The latest exhibition in the art gallery at The Evergreen State College takes concentration and thought to comprehend. It is not a show that can be easily enjoyed for its beauty alone but one that stimulates deep thought from those willing to put forth the effort. It is called Sensations That Announce the Future. It showcases artworks created by and chosen by TESC students and faculty based on the book Thinking in an Emergency by Elaine Scarry, and it posits the theory that art can look at patterns in the present and the past and intuit the future.
A gallery handout, uncredited but presumable written by faculty member Shaw Osha, who organized the show and has a series of eight paintings in it, says, “Art shifts our perspective so we can perceive current circumstances differently. Art makes visible the subterranean ‘forces of chaos’ we contend with every day.”
I have to admit that I had a hard time understanding a lot of the works and seeing how they relate to the stated themes, possibly because I have not read the book that purportedly inspired them all.
For such a conceptual and future-oriented show, Osha’s contributions look surprisingly like paintings from the early 20th century Ash Can School, but with looser and more expressive brushstrokes and less clear definition of form. Her eight small paintings, which are not shown together but are scattered throughout the gallery, are street scenes with people. The setting might be the TESC campus, but that is hard to tell because there are few recognizable details. The colors are lush and soft, and figures and backgrounds bleed into one another. In one of her paintings the co-mingling of figure and ground is so extreme that the walking man, a shirtless figure facing away from the viewer, all but vanishes. The plaza or sidewalk and buildings and trees can be seen through his body. In another there is a man walking on what is probably “Red Square” on campus. The brushstrokes across his head and hair are so broad that they merge into the autumn leaves on the tree behind him. The ground he stands on is orange and tan, and as bright as glowing embers in a campfire — a treatment of the sidewalk that is common in all of her paintings. I don’t get the meaning of this series of paintings, but from a purely formal point of view they are outstanding. I would be proud to own any one of them. 
In Steffani Jemison’s video, “Personal,” the setting is a street scene with a mural picturing Barack Obama and Desmond Tutu. A large black man walks back and forth in front of it, seemingly unsure of where he wants to go. Perhaps he is waiting from something or someone. Cars drive by, quickly, going backwards. Other pedestrians pass by, also going backwards. The scene then changes to a park scene where a man walks endlessly in a circle. Is the film making the point that we are walking blindly and backwards into the future?

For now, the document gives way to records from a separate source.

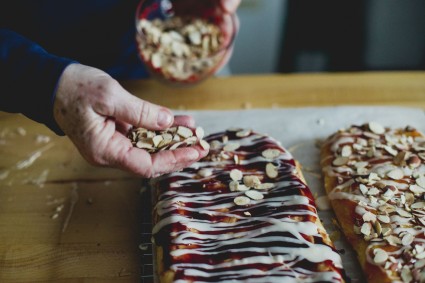Elder woman's hand sprinkling almonds onto pastry
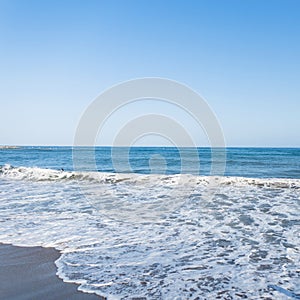 View of from the shore of on a restless sea with of white foam with sunny sky. Summer paradise beach in Spain. Summer seascape.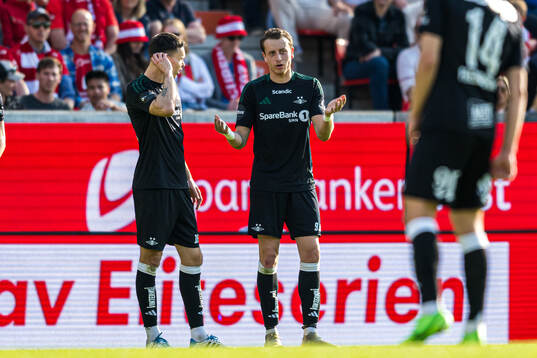 Ole Selnæs and Ole Sæter of Rosenborg looks dejected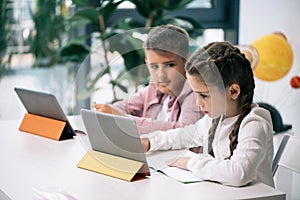 Caucasian schoolkids using digital tablets while studying together in class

It is funny and perhaps prophetic.
I loved C. Davida Ingram’s “Conjures & the Mermaid,” a selection of three photographs and a poem printed on three panels. The first line of the poem is “Here Lies the Nigress,” and the photos of the “Nigress,” are of a black woman seated in one photo and lying down in the other two. A dark, shadowy figure sits or lies in front of her in one of the photos; cushions on a bed replicate the shadow figure in the other; and in the third, something indistinguishable and mysterious stands in for the shadow figure. These are dramatic and attractive photos, and as with much good art, the images and the poem relate to each other but not overtly.
There are some fabulously dramatic black-and-white photos of storm clouds by Joan Livingstone.
Naima Lowe’s “Thirty-nine questions for white people,” notes in ink on notecards with brown paper wrapping and tied with ribbon, give whites and blacks much to think about, especially in light of the Black Lives Matter movement.
There is much more to this show, much of it difficult but most of it intriguing.